Obama's (Bi) Racial Predicament
Conventional political wisdom holds that Barack Obama's biracial identity works entirely to his benefit politically. Having a foot in both camps, so to speak (the theory goes), he doesn't have to play racial identity politics of the kind that have earned Jesse Jackson and Al Sharpton reputations as notorious race hucksters. The problem with the Ebony Plus Ivory hypothesis is this: It doesn't really give Obama the best of both worlds. In a very real sense, Obama's 50-50 racial status saddles him with a special kind of burden, namely: what seems to be his entrenched psychological need to prove that he's "authentically black."
Obama the memoir writer has recounted the many blessings he got from his mom and her side of the family, education being at the top of the list. What did Obama get from his dad? Try: an aching sense of emptiness, owing to his father's physical absence from his life. Obama has written about his quest to be reunited with his father, in person as well as in spirit. How very understandable, that his absent father is a psychological "presence" that he finds intolerable. Obama's search for his father is synonymous with his search for his identity as a black man in America. We know this because Obama tells us so, in his remarkably eloquent book, Dreams from My Father: A Story of Race and Inheritance.

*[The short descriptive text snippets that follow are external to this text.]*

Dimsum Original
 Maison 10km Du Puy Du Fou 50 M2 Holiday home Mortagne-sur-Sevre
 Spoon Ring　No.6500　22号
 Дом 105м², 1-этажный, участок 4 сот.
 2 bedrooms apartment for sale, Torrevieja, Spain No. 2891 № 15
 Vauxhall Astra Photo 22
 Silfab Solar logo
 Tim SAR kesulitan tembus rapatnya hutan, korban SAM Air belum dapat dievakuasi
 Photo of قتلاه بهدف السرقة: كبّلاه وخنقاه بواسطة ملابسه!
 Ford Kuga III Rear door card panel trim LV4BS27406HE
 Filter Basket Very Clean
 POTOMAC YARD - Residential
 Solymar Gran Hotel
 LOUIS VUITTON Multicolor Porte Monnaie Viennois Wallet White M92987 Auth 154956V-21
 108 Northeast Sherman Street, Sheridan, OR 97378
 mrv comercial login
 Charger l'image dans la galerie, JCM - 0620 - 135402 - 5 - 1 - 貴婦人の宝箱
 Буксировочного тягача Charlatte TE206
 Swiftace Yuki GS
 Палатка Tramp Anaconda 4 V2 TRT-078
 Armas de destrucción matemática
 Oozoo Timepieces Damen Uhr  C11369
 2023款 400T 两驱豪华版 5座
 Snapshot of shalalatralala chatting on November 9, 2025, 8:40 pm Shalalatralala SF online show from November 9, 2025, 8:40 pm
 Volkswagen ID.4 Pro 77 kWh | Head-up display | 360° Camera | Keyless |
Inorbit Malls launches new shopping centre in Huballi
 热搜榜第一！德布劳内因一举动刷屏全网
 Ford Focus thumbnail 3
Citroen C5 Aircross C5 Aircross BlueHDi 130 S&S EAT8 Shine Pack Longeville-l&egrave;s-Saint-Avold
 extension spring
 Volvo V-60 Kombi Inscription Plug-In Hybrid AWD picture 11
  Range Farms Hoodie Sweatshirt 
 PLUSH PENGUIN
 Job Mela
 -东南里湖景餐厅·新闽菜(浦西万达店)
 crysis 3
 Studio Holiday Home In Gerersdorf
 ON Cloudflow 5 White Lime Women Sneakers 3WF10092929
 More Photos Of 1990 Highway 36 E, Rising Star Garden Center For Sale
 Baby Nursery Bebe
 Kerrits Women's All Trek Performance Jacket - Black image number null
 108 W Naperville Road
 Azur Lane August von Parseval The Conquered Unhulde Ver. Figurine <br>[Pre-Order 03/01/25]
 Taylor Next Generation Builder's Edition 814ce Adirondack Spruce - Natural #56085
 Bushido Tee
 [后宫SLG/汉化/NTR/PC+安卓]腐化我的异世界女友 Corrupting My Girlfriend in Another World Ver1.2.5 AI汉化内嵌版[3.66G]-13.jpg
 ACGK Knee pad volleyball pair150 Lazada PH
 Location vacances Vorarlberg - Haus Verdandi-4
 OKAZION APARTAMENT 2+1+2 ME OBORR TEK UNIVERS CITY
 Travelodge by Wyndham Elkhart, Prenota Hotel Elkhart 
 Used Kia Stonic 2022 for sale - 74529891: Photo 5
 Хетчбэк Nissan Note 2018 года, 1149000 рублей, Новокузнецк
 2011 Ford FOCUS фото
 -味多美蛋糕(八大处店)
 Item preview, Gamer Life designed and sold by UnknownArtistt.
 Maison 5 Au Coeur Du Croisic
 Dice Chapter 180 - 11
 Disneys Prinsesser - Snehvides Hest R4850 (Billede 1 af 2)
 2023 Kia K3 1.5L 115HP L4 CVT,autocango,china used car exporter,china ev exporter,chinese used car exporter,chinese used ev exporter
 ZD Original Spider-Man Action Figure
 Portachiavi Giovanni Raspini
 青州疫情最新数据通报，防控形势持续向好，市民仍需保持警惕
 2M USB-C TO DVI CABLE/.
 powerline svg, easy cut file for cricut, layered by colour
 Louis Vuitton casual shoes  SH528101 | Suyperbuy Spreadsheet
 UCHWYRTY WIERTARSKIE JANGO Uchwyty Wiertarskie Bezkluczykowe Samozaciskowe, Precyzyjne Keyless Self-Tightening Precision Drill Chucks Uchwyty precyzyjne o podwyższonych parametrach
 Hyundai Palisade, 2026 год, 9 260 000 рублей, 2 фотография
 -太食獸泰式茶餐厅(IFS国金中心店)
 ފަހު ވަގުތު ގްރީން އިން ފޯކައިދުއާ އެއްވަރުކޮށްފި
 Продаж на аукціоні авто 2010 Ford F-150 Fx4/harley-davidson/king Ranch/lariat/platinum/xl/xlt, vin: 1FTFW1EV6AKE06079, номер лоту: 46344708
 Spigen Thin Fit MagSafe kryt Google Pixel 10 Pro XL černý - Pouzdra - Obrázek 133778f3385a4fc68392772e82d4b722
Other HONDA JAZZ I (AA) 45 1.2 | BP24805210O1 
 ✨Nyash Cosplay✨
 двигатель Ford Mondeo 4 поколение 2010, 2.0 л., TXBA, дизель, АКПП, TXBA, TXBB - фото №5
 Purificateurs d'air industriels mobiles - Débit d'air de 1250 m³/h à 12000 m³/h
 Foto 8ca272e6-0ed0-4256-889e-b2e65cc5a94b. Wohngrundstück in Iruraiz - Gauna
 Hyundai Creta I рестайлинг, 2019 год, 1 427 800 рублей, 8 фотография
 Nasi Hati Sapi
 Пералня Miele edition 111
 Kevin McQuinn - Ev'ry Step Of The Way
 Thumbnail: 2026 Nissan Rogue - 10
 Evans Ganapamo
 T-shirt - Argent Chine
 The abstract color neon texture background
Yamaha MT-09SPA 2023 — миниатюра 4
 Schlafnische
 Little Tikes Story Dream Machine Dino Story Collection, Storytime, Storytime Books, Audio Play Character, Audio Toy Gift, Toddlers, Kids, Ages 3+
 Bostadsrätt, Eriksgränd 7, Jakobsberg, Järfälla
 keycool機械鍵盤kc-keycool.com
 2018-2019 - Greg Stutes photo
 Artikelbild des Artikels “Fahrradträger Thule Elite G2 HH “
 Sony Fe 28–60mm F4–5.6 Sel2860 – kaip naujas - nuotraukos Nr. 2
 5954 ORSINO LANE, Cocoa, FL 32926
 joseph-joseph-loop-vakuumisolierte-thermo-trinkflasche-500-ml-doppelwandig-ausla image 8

Jeremiah Wright is a stand-in for Obama's missing dad. Morally, Wright falls short because he is a virulent racist and fiery demagogue. Obama's dad fell short morally by abandoning his wife and son. Obama's relationship with Wright is ambivalent, like his relationship with his father. Hence Obama's condemnation of Wright is clearly hesitant, just as Obama had to be pressed to reject Louis Farrakhan. If Obama repudiates Wright entirely, it can only look to many of his supporters that Obama is doing the white man's bidding — and somehow repudiating his own blackness in the process.
Obama's major speech about Wright and the role of race in the campaign will tell us all a great deal about his character. Is this a man with the inner resources to come to terms with the "family romance" he has inherited, and its powerful hold on his psyche up until now? Tune in and find out.